**PROVIDED INFORMATION**
○ ○ ○
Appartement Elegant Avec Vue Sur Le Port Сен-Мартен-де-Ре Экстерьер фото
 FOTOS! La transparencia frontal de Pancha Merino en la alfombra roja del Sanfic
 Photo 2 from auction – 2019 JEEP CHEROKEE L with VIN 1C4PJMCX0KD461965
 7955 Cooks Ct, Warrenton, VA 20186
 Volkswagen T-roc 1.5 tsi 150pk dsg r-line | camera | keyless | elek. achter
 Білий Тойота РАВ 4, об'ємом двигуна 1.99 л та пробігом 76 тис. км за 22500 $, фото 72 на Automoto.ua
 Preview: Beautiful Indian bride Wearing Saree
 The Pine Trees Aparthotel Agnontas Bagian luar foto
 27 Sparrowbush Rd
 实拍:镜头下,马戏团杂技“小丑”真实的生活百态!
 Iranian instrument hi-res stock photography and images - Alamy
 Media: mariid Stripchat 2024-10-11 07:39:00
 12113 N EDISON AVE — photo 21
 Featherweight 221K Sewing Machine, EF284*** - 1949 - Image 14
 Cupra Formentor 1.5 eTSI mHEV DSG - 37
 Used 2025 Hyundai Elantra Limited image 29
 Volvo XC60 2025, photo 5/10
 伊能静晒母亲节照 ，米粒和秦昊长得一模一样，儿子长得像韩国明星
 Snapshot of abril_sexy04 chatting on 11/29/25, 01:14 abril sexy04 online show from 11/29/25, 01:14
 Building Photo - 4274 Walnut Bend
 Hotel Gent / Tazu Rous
○ ○ ○
**EXERCISE REQUIREMENTS**
Copy out each line of the data above, exactly, if it lies between the line holding "Featherweight 221K Sewing" and the line holding "伊能静晒母亲节照 ，米粒和秦昊长得一模一样，儿子长得像韩国明星", inclusive; copy no other line.

**TASK OUTPUT**
 Featherweight 221K Sewing Machine, EF284*** - 1949 - Image 14
 Cupra Formentor 1.5 eTSI mHEV DSG - 37
 Used 2025 Hyundai Elantra Limited image 29
 Volvo XC60 2025, photo 5/10
 伊能静晒母亲节照 ，米粒和秦昊长得一模一样，儿子长得像韩国明星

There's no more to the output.